=Paper=
{{Paper
|id=Vol-1881/StanceCat2017_paper_4
|storemode=property
|title=LTRC IIITH at IBEREVAL 2017: Stance and Gender Detection in Tweets on Catalan Independence
|pdfUrl=https://ceur-ws.org/Vol-1881/StanceCat2017_paper_4.pdf
|volume=Vol-1881
|authors=Sahil Swami,Ankush Khandelwal,Manish Shrivastava,Syed Sarfaraz Akhtar
|dblpUrl=https://dblp.org/rec/conf/sepln/SwamiKSA17
}}
==LTRC IIITH at IBEREVAL 2017: Stance and Gender Detection in Tweets on Catalan Independence==
<pdf width="1500px">https://ceur-ws.org/Vol-1881/StanceCat2017_paper_4.pdf</pdf>
<pre>
    LTRC IIITH at IBEREVAL 2017: Stance and
      Gender Detection in Tweets on Catalan
                  Independence

    Sahil Swami, Ankush Khandelwal, Manish Shrivastava and Syed
                         Sarfaraz Akhtar

    Language Technologies Research Centre, International Institute of Information
                             Technology, Hyderabad


       Abstract. We describe the system submitted to IBEREVAL-2017 for
       stance and gender detection in tweets on Catalan Independence [1]. We
       developed a supervised system using Support Vector Machines with ra-
       dial basis function kernel to identify the stance and gender of the tweeter
       using various character level and word level features. Our system achieves
       a macro-average of F-score(FAVOR) and F-score(AGAINST) of 0.46 for
       stance detection in both Spanish and Catalan and an accuracy of 64.85%
       and 44.59% for Gender detection in Spanish and Catalan respectively.


1    Introduction

The task of opinion mining and sentiment analysis on natural language texts
in social media has gained a lot of popularity and importance in recent times.
Stance detection is related to sentiment analysis but is very different from it.
In sentiment analysis we check if a tweet has a positive, negative or neutral
emotion while in stance detection we check whether the tweet is in favor, neutral
or against a given target which in this paper is independence of Catalonia.

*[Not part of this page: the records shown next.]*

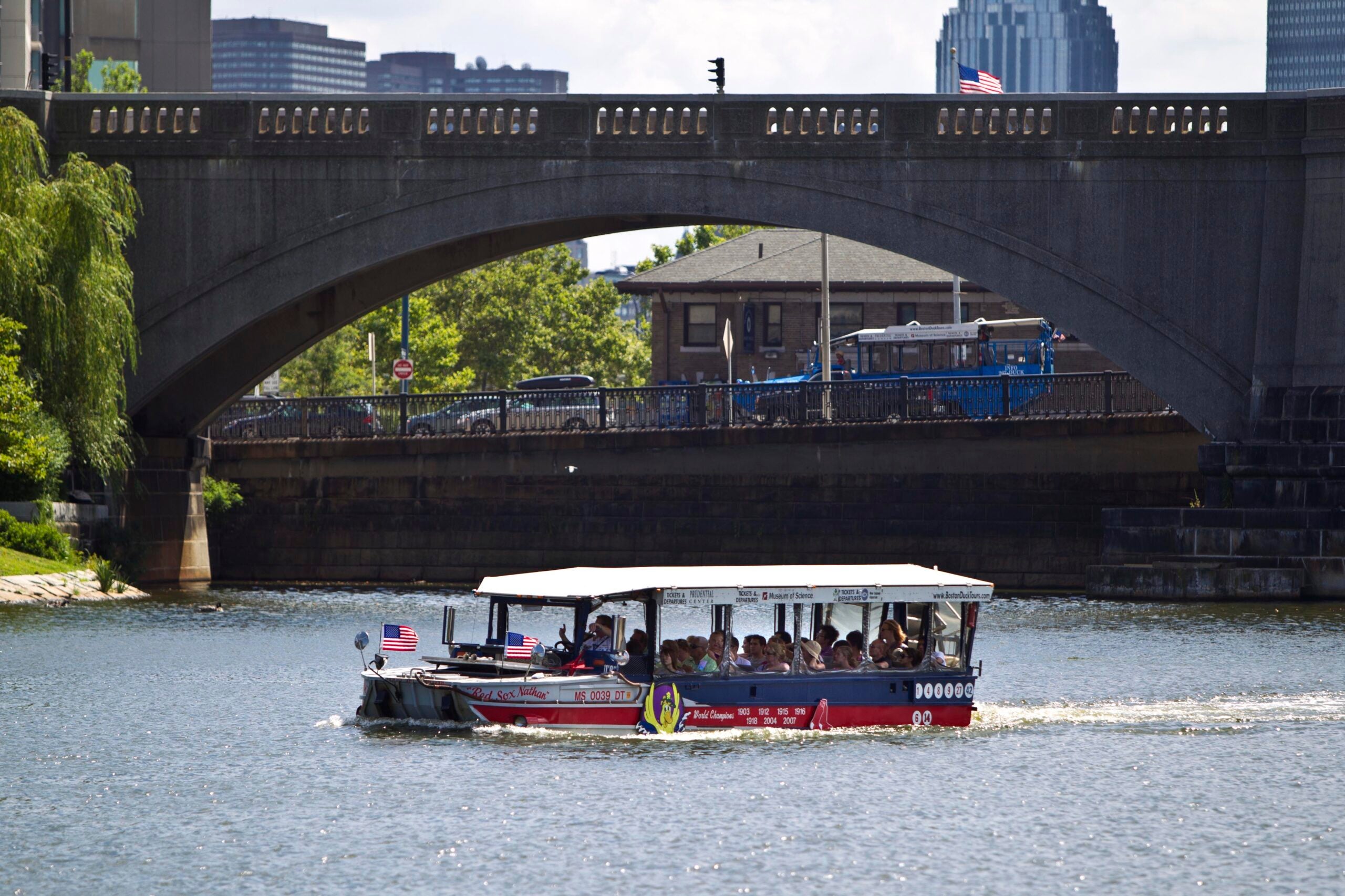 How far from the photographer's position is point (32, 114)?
144 ft

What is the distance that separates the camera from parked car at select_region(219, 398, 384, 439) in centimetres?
5297

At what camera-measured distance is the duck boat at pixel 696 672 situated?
82.6 ft

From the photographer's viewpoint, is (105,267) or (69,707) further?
(105,267)

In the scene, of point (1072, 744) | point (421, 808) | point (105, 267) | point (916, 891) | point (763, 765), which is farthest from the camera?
point (105, 267)

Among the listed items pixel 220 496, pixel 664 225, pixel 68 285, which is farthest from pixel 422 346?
pixel 68 285

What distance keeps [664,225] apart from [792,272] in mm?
28875

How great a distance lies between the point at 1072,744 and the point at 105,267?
24669 mm

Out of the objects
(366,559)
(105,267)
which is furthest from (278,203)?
(366,559)

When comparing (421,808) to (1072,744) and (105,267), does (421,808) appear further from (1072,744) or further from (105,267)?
(105,267)

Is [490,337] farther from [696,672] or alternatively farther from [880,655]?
[696,672]

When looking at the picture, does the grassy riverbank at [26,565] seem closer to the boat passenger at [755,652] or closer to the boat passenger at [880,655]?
the boat passenger at [755,652]

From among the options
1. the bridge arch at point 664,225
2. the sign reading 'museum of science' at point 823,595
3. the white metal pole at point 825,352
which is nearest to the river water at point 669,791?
the sign reading 'museum of science' at point 823,595

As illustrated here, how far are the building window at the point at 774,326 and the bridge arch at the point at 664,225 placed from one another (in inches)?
1108

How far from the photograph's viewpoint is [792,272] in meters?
74.1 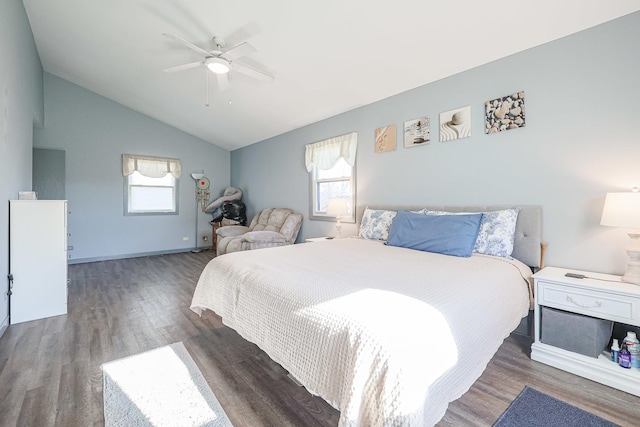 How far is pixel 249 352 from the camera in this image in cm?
215

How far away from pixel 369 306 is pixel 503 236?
1.76 metres

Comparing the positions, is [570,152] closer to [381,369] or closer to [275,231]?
[381,369]

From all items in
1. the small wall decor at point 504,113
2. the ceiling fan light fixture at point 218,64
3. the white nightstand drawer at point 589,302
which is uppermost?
the ceiling fan light fixture at point 218,64

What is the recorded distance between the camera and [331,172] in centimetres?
451

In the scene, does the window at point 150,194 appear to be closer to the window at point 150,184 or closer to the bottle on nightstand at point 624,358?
the window at point 150,184

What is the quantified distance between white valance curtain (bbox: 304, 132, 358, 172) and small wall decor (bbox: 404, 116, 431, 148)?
799 millimetres

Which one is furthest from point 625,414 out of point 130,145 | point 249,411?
point 130,145

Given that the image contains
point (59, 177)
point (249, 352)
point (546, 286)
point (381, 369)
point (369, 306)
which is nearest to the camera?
point (381, 369)

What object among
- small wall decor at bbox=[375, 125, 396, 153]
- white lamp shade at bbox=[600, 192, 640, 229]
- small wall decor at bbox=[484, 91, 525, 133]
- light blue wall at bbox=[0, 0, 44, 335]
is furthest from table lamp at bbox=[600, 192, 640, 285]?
light blue wall at bbox=[0, 0, 44, 335]

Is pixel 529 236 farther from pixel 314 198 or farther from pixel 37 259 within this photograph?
pixel 37 259

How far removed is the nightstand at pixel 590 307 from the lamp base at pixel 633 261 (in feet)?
0.18

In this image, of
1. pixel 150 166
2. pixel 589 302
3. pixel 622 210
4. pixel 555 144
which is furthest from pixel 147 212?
pixel 622 210

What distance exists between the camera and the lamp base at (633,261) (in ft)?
5.99

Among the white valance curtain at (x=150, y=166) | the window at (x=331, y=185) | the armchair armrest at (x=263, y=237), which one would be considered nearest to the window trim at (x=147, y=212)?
the white valance curtain at (x=150, y=166) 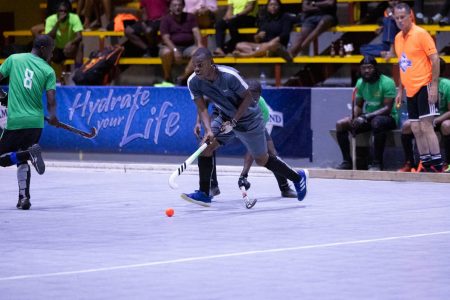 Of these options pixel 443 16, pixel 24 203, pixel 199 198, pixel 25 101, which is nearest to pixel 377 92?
pixel 443 16

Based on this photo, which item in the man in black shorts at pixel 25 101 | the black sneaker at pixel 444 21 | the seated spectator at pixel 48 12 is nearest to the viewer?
the man in black shorts at pixel 25 101

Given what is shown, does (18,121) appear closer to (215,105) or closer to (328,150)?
(215,105)

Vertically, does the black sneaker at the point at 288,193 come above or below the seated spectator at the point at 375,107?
below

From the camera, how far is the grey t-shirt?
1303 centimetres

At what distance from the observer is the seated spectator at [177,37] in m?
21.7

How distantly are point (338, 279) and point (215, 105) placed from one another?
17.4 feet

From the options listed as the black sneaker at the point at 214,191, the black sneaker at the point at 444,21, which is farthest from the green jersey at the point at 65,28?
the black sneaker at the point at 214,191

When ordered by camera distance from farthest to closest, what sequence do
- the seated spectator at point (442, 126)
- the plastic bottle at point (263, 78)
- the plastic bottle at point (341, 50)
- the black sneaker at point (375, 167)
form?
the plastic bottle at point (263, 78)
the plastic bottle at point (341, 50)
the black sneaker at point (375, 167)
the seated spectator at point (442, 126)

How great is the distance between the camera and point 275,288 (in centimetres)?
805

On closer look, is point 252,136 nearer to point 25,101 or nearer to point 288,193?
point 288,193

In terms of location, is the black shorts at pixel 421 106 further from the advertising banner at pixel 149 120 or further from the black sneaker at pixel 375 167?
the advertising banner at pixel 149 120

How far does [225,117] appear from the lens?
1338 cm

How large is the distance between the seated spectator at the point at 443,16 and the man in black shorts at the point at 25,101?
26.8ft

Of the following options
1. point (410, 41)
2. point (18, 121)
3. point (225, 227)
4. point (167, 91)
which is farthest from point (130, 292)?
point (167, 91) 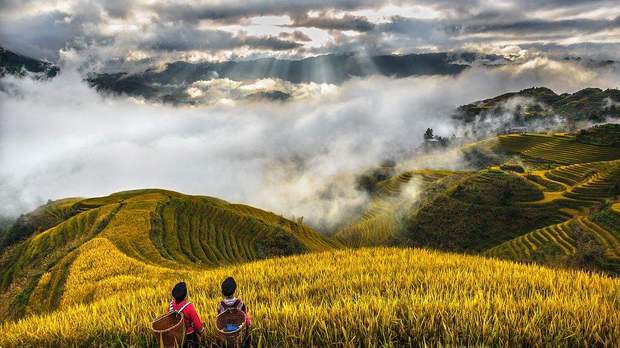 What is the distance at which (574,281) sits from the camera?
30.1 ft

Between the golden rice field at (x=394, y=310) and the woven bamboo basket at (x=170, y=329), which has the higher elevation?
the woven bamboo basket at (x=170, y=329)

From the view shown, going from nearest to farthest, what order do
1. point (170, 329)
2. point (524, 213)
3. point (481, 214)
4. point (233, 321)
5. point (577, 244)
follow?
point (170, 329), point (233, 321), point (577, 244), point (524, 213), point (481, 214)

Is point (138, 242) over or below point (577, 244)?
over

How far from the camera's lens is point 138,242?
51656mm

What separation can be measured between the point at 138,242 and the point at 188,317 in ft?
165

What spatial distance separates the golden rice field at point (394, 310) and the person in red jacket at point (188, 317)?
0.37 m

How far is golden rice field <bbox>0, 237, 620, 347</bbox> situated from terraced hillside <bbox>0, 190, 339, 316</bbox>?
26.5m

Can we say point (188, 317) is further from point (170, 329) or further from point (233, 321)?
point (233, 321)

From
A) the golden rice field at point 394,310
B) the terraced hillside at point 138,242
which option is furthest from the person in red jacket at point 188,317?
the terraced hillside at point 138,242

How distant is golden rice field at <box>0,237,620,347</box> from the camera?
19.1 feet

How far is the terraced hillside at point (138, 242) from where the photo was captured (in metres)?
43.8

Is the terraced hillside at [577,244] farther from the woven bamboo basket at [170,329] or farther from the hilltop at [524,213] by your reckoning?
the woven bamboo basket at [170,329]

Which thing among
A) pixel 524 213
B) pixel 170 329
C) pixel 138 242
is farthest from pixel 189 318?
pixel 524 213

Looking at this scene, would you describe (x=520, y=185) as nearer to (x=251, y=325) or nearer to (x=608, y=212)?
(x=608, y=212) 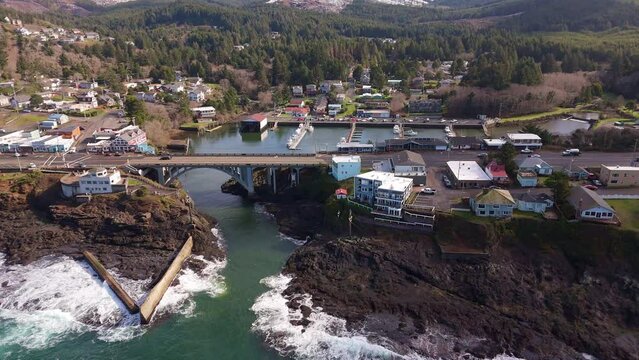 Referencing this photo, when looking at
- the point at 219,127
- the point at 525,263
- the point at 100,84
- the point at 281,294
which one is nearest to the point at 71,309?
the point at 281,294

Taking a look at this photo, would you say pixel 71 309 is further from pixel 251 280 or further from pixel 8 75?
pixel 8 75

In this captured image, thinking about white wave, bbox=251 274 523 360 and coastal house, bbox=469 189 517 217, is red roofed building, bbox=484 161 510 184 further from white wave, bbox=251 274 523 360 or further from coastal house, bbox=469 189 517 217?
white wave, bbox=251 274 523 360

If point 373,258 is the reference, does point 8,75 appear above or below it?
above

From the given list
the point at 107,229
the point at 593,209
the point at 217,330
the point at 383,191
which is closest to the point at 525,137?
the point at 593,209

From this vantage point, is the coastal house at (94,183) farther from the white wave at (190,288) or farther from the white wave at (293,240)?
the white wave at (293,240)

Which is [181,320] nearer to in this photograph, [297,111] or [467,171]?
[467,171]

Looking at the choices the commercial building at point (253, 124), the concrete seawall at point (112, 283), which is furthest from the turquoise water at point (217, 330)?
the commercial building at point (253, 124) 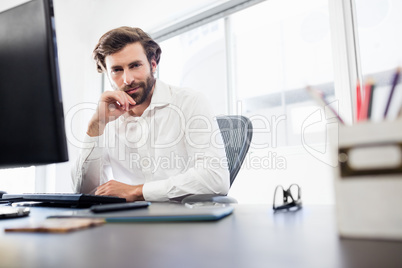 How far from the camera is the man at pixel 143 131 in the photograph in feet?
4.01

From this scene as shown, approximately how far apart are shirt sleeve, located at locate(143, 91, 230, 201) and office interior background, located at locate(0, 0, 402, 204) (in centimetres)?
69

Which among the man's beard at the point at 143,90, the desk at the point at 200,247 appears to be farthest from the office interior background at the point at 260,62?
the desk at the point at 200,247

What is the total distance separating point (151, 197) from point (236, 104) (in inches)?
72.5

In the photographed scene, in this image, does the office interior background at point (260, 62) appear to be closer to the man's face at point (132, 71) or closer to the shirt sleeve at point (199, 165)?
the shirt sleeve at point (199, 165)

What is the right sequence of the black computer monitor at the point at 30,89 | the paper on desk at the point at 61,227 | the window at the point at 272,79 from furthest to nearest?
the window at the point at 272,79 < the black computer monitor at the point at 30,89 < the paper on desk at the point at 61,227

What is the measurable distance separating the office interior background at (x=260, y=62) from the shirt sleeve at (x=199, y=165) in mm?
688

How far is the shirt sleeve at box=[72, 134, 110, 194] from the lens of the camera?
128cm

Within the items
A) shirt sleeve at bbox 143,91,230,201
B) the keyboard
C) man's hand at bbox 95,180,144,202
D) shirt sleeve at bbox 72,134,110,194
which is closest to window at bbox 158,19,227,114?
shirt sleeve at bbox 143,91,230,201

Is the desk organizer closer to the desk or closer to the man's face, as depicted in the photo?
the desk

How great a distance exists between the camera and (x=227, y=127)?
1412 mm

For
example, consider the following sentence: “Recent studies have shown that global
warming is in fact real ”. We can say that this sentence’s author is most likely
to be in favor of the concept ‘global warming’.
    There have been several experiments [2],[10] in the field of sentiment analysis
and opinion mining on social media text. Opinion mining can provide a lot of
information about the texts that are present in social media and benefits a lot
of other tasks such as information retrieval, text summarization, etc.
    On the other hand gender detection is the task of inferring the gender of
author from the content of the tweet. Gender detection has many applications
in the field of marketing and advertising and thus there have been a lot of
studies [3],[4],[6],[11] on gender detection in social media text. Twitter profiles
don’t provide a field for person’s gender which makes the task of identifying
author’s gender from the tweet much more important.
    In this paper we present a system for stance and gender detection in tweets.
Our system uses character and word level features and Support Vector Machines
with radial basis function kernel for classification.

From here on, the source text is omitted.